You can also use Lighthouse via the Chrome DevTools, the command line and as a NodeJS module.

» npm install -g lighthouse
» lighthouse https://www.davidtuite.com/

Lighthouse with Backstage

In your company, there may be many teams making websites for different purposes. It is useful to track the quality of these websites over time to ensure that code changes are not hurting performance or accessibility.

If customers complain that your website is slow, it can be helpful to look back over Lighthouse results to figure out if and when the performance drop occurred. You can then look at commits around this time to pinpoint the cause of the slowness.

Backstage has a Lighthouse plugin available which makes it easy to run tests against the websites your company produces.

You can track the results of Lighthouse tests over time to see if your site is performing better or worse as you make changes.

Running Lighthouse with Backstage

To use Lighthouse with Backstage, you need three things:

A Backstage instance you can run locally with the Lighthouse Plugin installed.
A running Lighthouse microservice which actually executes the Lighthouse tests before sending the results back to the plugin.
A PostgreSQL database for the Lighthouse microservice to talk to.

Let’s set them up in reverse order.

PostgreSQL

Assuming you already have posgresql installed and running, you can easily create a database for Lighthouse with the following command. The database this creates will have no password but it’s fine for local development.

» createdb -O [username] -U [username] -w lighthouse_audit_service

You can verify this database by logging into it with psql.

» psql -h localhost -p 5432 -U [username] -d lighthouse_audit_service
psql (11.5)
Type "help" for help.

lighthouse_audit_service=#

Fantastic.

Lighthouse microservice

We’re going to run the Lighthouse microservice with docker. We’ll have to pass a few environment variables to our Docker run command. The easiest way to do this is by putting them in a file.

Create a file called development.env with the following variables.

LAS_PORT=3003
LAS_CORS=true
PGUSER=[username]
PGDATABASE=lighthouse_audit_service
PGHOST=host.docker.internal

LAS_PORT tells the Lighthouse microservice which port to expose to incoming HTTP requests. It’s important that this port matches the one defined in the Backstage Lighthouse plugin. Otherwise the plugin will never receive a response to its Lighthouse testing requests.
PGHOST is important because our Lighthouse microservice is running inside Docker but our PG database is exposing a port on localhost.
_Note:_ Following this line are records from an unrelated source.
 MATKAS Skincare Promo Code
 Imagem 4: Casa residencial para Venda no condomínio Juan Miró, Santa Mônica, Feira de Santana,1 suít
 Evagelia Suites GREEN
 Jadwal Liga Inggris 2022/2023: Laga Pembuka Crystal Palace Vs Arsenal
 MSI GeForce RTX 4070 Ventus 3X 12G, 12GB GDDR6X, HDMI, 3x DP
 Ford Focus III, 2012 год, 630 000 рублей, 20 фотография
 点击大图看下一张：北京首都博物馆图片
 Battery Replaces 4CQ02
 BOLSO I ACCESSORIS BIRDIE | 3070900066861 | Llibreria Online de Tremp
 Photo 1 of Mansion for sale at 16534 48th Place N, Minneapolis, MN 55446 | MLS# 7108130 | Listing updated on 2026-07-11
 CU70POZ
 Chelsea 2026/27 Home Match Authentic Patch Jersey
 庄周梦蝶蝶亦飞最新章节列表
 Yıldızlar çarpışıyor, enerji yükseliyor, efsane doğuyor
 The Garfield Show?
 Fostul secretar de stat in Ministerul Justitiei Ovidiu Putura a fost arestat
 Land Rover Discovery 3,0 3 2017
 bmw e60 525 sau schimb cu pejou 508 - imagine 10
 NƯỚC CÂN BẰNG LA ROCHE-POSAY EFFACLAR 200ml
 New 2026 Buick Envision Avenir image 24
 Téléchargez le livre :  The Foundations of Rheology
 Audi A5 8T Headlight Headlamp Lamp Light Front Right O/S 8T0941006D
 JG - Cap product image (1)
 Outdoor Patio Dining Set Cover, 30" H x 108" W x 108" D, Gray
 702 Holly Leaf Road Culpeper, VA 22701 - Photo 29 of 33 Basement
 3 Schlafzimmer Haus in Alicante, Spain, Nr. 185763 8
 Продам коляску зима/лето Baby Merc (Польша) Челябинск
We have to use a special Docker DNS name to allow this.

With that file defined, we should now be able to run the Lighthouse microservice like this:

» docker run -p 3003:3003 -p 5432:5432 --env-file development.env spotify/lighthouse-audit-service:latest                                              130 ↵
yarn run v1.22.0
$ node ./cjs/run.js
info: building express app... {"service":"lighthouse-audit-service","timestamp":"2020-05-23T19:03:00.202Z"}
info: running db migrations... {"service":"lighthouse-audit-service","timestamp":"2020-05-23T19:03:00.290Z"}
info: listening on port 3003 {"service":"lighthouse-audit-service","timestamp":"2020-05-23T19:03:00.320Z"}

It might take a few seconds to start up when you run it for the first time because it will have to download the Docker container from the internet. When it starts, it automatically runs some database migrations to prepare your database.

Backstage with the Lighthouse Plugin

Luckily for us, Backstage comes with the Lighthouse Plugin installed and enabled so it’s easy to try it out.

Follow the Getting Started Guide to get Backstage installed.

If you open packages/app/src/plugins.ts in your favorite code editor you should see that the Lighthouse plugin is already installed.

export { plugin as LighthousePlugin } from '@backstage/plugin-lighthouse';

In packages/app/src/apis.ts you should see that the Lighthouse plugin is configured to send requests to port 3003.

builder.add(lighthouseApiRef, new LighthouseRestApi('http://localhost:3003'));

Now, run Backstage with yarn start and visit http://localhost:3000/lighthouse and you should see the Backstage Lighthouse interface.

Awesome! If you run an audit a few times on the same website you can see the trend over time. Perfect for ensuring that your websites are staying responsive and accessible.